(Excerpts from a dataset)
##########

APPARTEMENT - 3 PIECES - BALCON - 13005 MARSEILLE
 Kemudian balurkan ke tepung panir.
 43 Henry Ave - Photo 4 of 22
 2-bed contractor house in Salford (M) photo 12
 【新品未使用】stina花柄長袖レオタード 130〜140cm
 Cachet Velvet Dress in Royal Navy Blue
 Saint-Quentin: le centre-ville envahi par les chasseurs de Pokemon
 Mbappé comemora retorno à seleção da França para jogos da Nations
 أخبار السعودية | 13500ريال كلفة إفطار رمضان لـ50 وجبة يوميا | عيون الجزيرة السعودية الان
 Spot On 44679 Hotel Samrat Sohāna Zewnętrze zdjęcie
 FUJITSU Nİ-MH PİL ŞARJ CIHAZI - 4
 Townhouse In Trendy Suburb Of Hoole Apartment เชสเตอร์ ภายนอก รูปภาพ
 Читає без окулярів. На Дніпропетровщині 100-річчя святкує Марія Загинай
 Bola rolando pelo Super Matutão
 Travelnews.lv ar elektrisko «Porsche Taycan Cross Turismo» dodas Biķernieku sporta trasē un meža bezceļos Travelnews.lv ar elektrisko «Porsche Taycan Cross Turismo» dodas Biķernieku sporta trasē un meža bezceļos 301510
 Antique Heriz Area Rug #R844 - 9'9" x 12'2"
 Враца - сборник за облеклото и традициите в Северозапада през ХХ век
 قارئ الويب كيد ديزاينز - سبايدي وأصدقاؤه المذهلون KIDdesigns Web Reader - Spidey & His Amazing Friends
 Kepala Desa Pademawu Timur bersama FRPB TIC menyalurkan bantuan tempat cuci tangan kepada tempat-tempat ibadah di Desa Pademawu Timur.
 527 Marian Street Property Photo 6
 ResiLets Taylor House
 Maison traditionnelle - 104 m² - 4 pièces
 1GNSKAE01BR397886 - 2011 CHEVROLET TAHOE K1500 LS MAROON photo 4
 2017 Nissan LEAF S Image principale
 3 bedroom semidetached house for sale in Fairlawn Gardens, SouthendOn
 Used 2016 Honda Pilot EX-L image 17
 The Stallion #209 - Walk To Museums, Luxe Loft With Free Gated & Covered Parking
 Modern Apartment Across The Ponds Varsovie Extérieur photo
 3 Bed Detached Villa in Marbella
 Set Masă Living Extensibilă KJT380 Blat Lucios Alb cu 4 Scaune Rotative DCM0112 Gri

##########

◆ Problem description ◆
All lines above containing the string "Apartment" are to be collected.

◆ Response for this exercise ◆
 Townhouse In Trendy Suburb Of Hoole Apartment เชสเตอร์ ภายนอก รูปภาพ
 Modern Apartment Across The Ponds Varsovie Extérieur photo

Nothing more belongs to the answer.